■ **WHAT NEEDS TO BE DONE**: The line containing "Carters navy blue" marks the end: write out exactly every line from the first line of the data below through that line, and only those.

■ **Items listed in a dataset**:
######

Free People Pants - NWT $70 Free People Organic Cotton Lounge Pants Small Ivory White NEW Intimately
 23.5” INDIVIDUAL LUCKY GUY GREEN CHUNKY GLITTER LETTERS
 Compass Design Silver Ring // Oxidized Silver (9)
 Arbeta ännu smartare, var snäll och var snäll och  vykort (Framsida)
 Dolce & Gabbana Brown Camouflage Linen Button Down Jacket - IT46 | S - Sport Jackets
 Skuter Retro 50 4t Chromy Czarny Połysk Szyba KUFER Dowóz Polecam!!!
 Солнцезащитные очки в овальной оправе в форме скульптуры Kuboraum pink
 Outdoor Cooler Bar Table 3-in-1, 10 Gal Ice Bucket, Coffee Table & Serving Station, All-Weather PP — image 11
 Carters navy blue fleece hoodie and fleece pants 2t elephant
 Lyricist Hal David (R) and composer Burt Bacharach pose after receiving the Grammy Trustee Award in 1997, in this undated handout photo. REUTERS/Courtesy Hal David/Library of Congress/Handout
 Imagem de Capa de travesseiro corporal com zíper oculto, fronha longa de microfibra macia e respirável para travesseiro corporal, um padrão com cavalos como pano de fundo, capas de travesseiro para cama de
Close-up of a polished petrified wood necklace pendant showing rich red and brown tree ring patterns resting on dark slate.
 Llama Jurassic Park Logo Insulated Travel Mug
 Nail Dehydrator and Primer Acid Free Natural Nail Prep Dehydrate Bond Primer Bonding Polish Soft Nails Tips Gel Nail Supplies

######

■ **SOLUTION FOR THIS TASK**:
Free People Pants - NWT $70 Free People Organic Cotton Lounge Pants Small Ivory White NEW Intimately
 23.5” INDIVIDUAL LUCKY GUY GREEN CHUNKY GLITTER LETTERS
 Compass Design Silver Ring // Oxidized Silver (9)
 Arbeta ännu smartare, var snäll och var snäll och  vykort (Framsida)
 Dolce & Gabbana Brown Camouflage Linen Button Down Jacket - IT46 | S - Sport Jackets
 Skuter Retro 50 4t Chromy Czarny Połysk Szyba KUFER Dowóz Polecam!!!
 Солнцезащитные очки в овальной оправе в форме скульптуры Kuboraum pink
 Outdoor Cooler Bar Table 3-in-1, 10 Gal Ice Bucket, Coffee Table & Serving Station, All-Weather PP — image 11
 Carters navy blue fleece hoodie and fleece pants 2t elephant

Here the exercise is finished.